Zero Dark Thirty isn't really about the search for Osama bin Laden. Though that's the sequence of events around which the movie revolves, the main purpose of the film is to validate women's roles in places where men have traditionally dominated. This is a noble effort and certainly one that bears consistent repeating, given how we're still so male-focused in society: men's sports vs. women's sports, women on the front lines in combat, lack of equal pay standards, the list goes on and on...even into the arts, where it would seem natural for women to have an equal share of opportunity and recognition as men. It wasn't until 1998 that a female director won a Tony Award for work on Broadway (2 won that year, surprisingly, one for directing a play and the other for a musical). And it wasn't until Kathryn Bigelow won a Best Director Oscar in 2008 for The Hurt Locker that Hollywood seemed to finally acknowledge women directors.
Throughout Zero Dark Thirty, we see Jessica Chastain's character--I don't remember her name, but I do remember the men referred to her as "The Girl"--transition from a somewhat reluctant viewer of state-rationalized torture into the leader of the small group who took down America's Most Wanted.
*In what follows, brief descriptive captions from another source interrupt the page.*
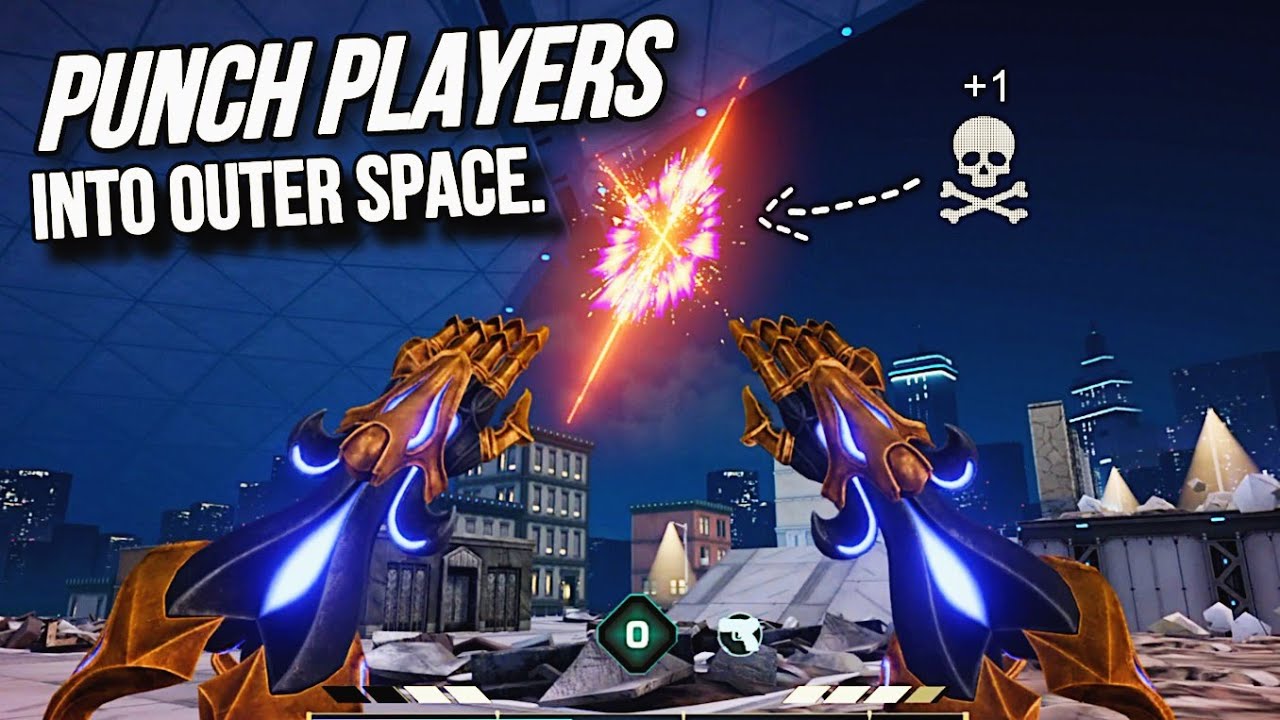 Why BRAZEN BLAZE might be the best VR MULTIPLAYER BRAWLER.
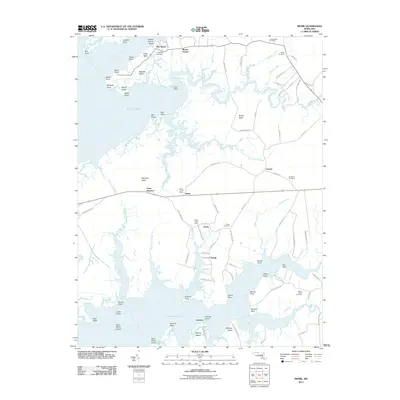 2011 Map of Monie, 2011 Print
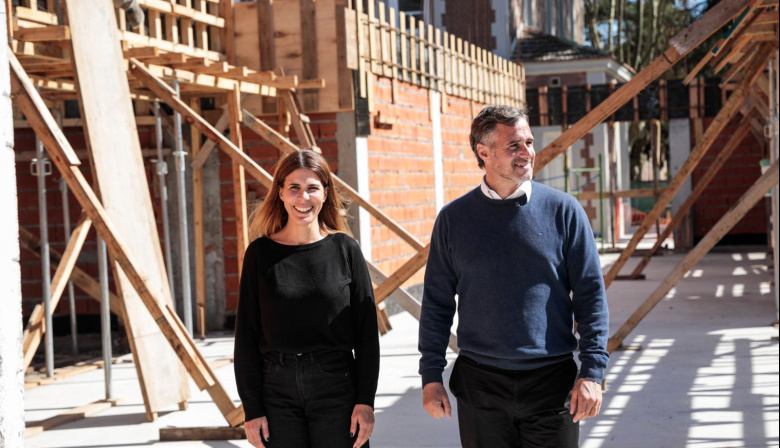 Avanza la obra del nuevo edificio de la Universidad Nacional de Pilar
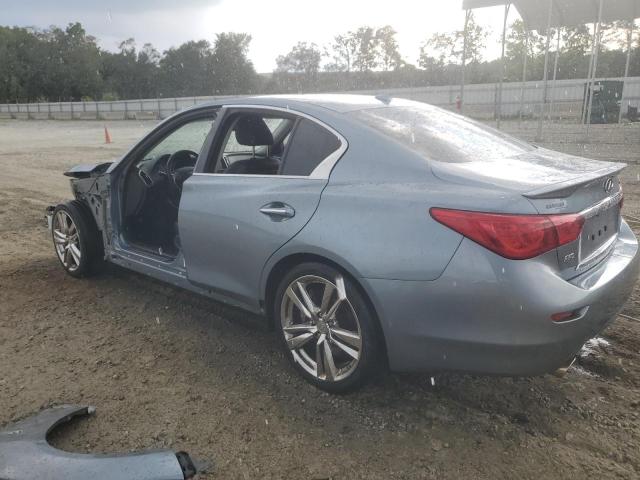 Photo 1 VIN: JN1BV7AR6FM412959 - INFINITI Q50 SPORT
The torture scenes, shown taking place in 2003--well ahead of our national debate on torture--are used not to show how awful the US is; they're there to show how difficult it was for The Girl to be in the situation she found herself in. We see her reluctance, her questioning, her hesitation, her every-other-synonym-we-can-find. The torture scenes are not egregious and end when we understand The Girl has grown at least somewhat used to the tactic.
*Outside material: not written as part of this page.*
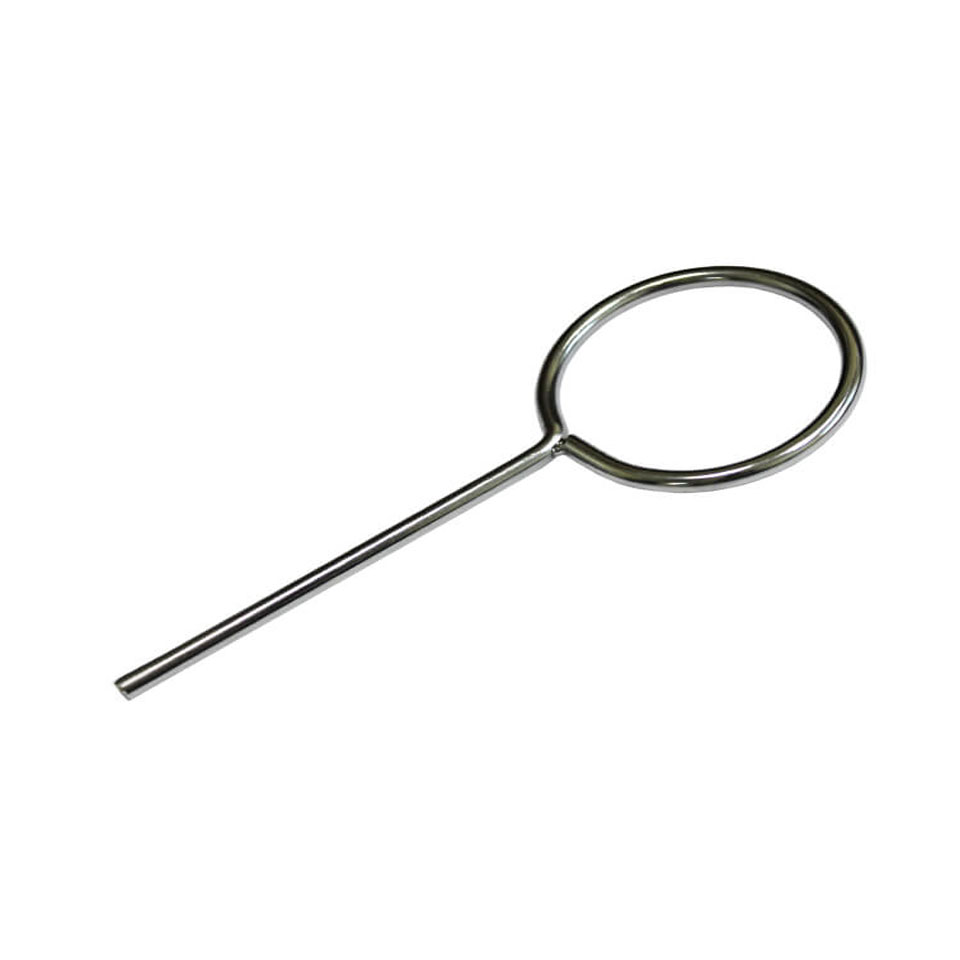 Small ring for laboratory stand ShL-1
Side note: the societal debate about the use of torture in this film is silly. Though the film is based on real events, it's a fictional story--The Girl's character does not exist in reality. True, there were women CIA operatives involved, but Chastain's character as portrayed on the screen is an amalgam of multiple people. That's important to understand first, and then to remember as we view the torture within context of the developmental needs of the character. The scenes were necessary; whether they're a condemnation, support, or falsifications of US tactics is irrelevant. It's fiction. Move on.
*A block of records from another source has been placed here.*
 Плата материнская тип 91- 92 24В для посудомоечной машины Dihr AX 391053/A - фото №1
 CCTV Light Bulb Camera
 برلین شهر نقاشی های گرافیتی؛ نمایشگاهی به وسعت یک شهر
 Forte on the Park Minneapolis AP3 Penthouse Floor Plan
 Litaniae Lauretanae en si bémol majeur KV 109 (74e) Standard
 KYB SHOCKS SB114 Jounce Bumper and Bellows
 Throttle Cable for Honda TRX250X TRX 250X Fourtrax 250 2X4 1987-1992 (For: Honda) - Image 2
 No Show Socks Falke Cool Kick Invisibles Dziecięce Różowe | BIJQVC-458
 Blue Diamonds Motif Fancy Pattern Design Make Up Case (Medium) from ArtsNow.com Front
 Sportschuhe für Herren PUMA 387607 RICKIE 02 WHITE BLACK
Back to The Girl. Aside from the misogynistic referencing of Chastain's character as The Girl, the men in ZDT are portrayed as incompetent, unsure, and weak. This is an isolation technique Bigelow uses to establish The Girl's strength and, by proxy, the strength of all women who are in male-dominated environments. And that's a valid artistic choice, not necessarily a good one, but valid nonetheless. It's clear as we watch the film that The Girl is the only one who was actually capable of finding bin Laden. Ok. Girl Power!
Except. Jennifer Ehle plays, I cannot remember her name either (in fairness, I don't remember any character names--I'm not just being a misogynist), the (we'll call her) Other Girl. She and Chastain share a brief territorial (and cliched) squabble when they meet, but then become somewhat close (and cliched) friends. The difference between the two is shown through emotion. The Girl is not outwardly emotional about her job, while The Other Girl becomes very excited at the possibilities involved in their shared mission. This emotion is heightened and punished in the following scene, which reenacts a pivotal moment for the CIA that occurred in December 2009.
Note: this is a potential spoiler, I know, but I also don't care. If you didn't pay enough attention to the news to recall what happened when the date flashes on the screen, shame on you.
This event did happen and it was a woman CIA agent who facilitated this meeting. It's troubling, though, that Bigelow is allowed to use it to punish The Other Girl for having emotions. That is the context of the event within in this film, and the result is to further close off The Girl's emotions and isolate her from her colleagues.
But that's not the problem with the scene. Neither is the fact that the scene is 5 minutes long.
No, the problem with the scene is this:
WHY is there a black cat running across the street?
Is there an abundance of cats, specifically black ones, on our bases in Afghanistan? Are they wont to roam free where seemingly no one else is? We have scavenger cats around our house in Brooklyn, but Brooklyn is a big city and it makes sense for cats to wander around. It doesn't make sense on a military base in Afghanistan.
But whether it's possible or not for a cat to wander a military base in Afghanistan is not the issue (though it is ridiculous). The issue is the choice to use this cat. It's not like the cat just happened to wander into the shot. There was a specific choice made to include this cat in this moment, and that was to foreshadow the event that was about to occur. And it actually looks like the cat was added digitally (though I, of course, can't say for sure).
A black cat. Used to foreshadow something bad happening. Just. Dumb.
This. This is the most ridiculous thing I have ever seen.